> **What to produce**: Omit every picture, then return the listing verbatim.

> **Provided data**:
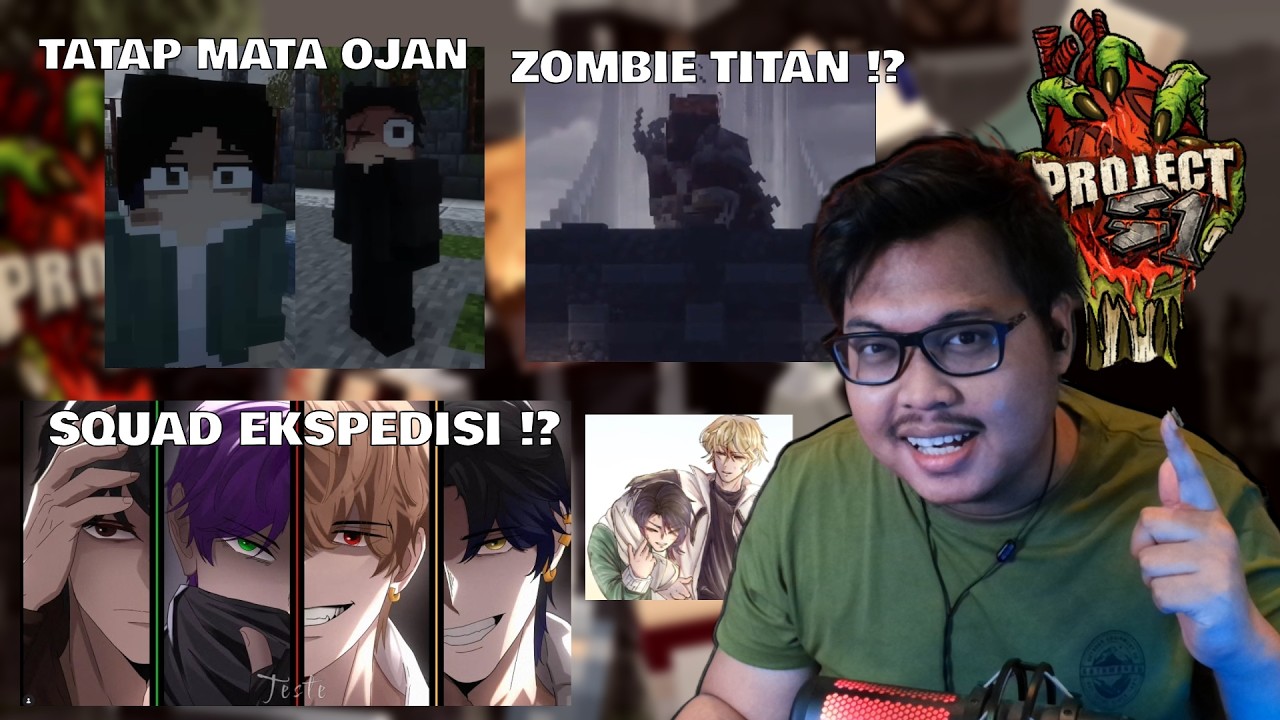 MOMENT KEHANCURAN SCANTUARY!? JEDAG JEDUG KOCAK di PROJECT S:1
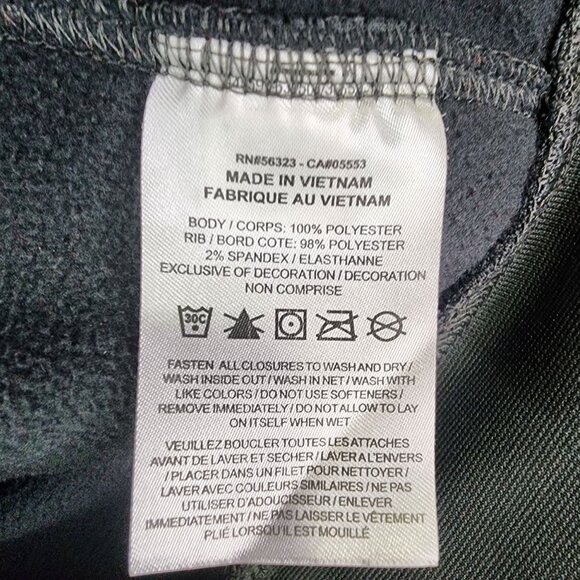 Mens Red Gray Nike Dri-Fit Arkansas Razorbacks Hoodie Sweatshirt Long Sleeve M - Picture 6 of 10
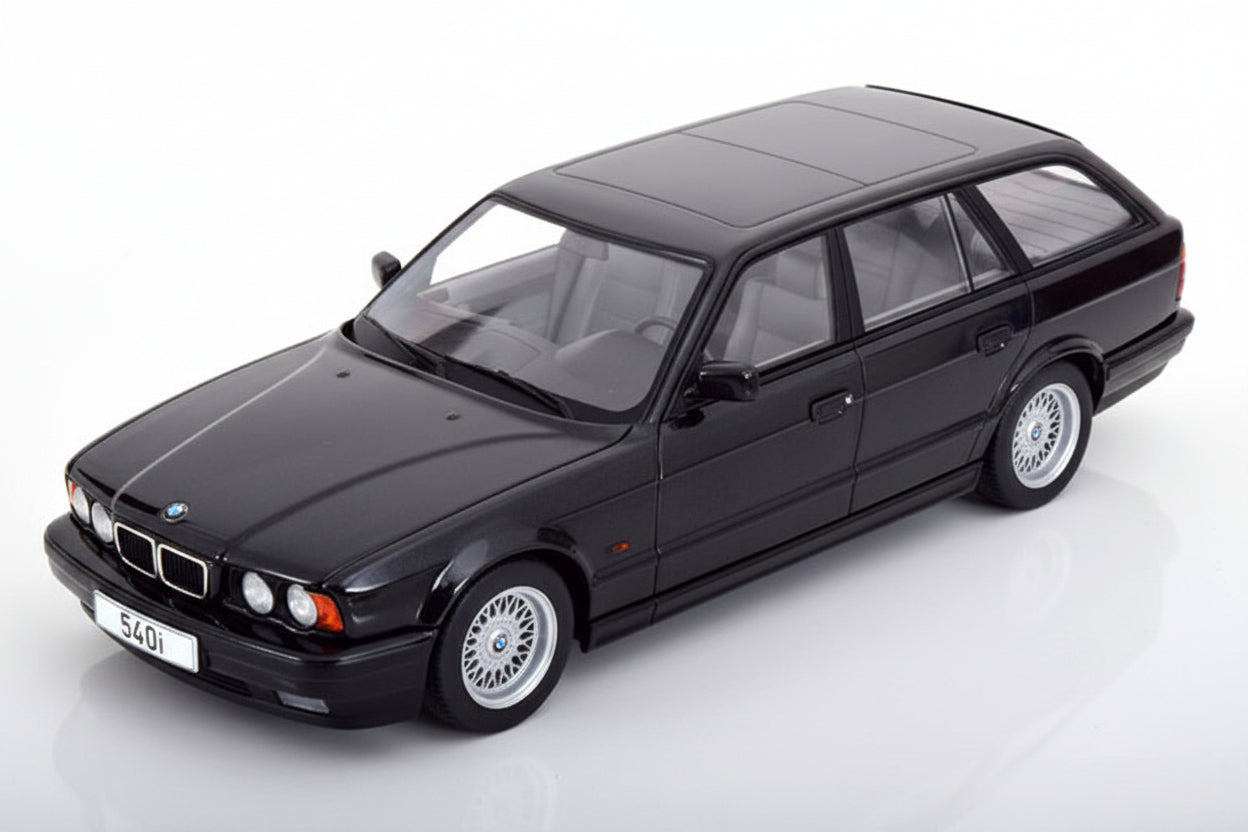 BMW 5er (E34) Touring, metallic-schwarz, 1991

> **Your solution**:
 MOMENT KEHANCURAN SCANTUARY!? JEDAG JEDUG KOCAK di PROJECT S:1
 Mens Red Gray Nike Dri-Fit Arkansas Razorbacks Hoodie Sweatshirt Long Sleeve M - Picture 6 of 10
 BMW 5er (E34) Touring, metallic-schwarz, 1991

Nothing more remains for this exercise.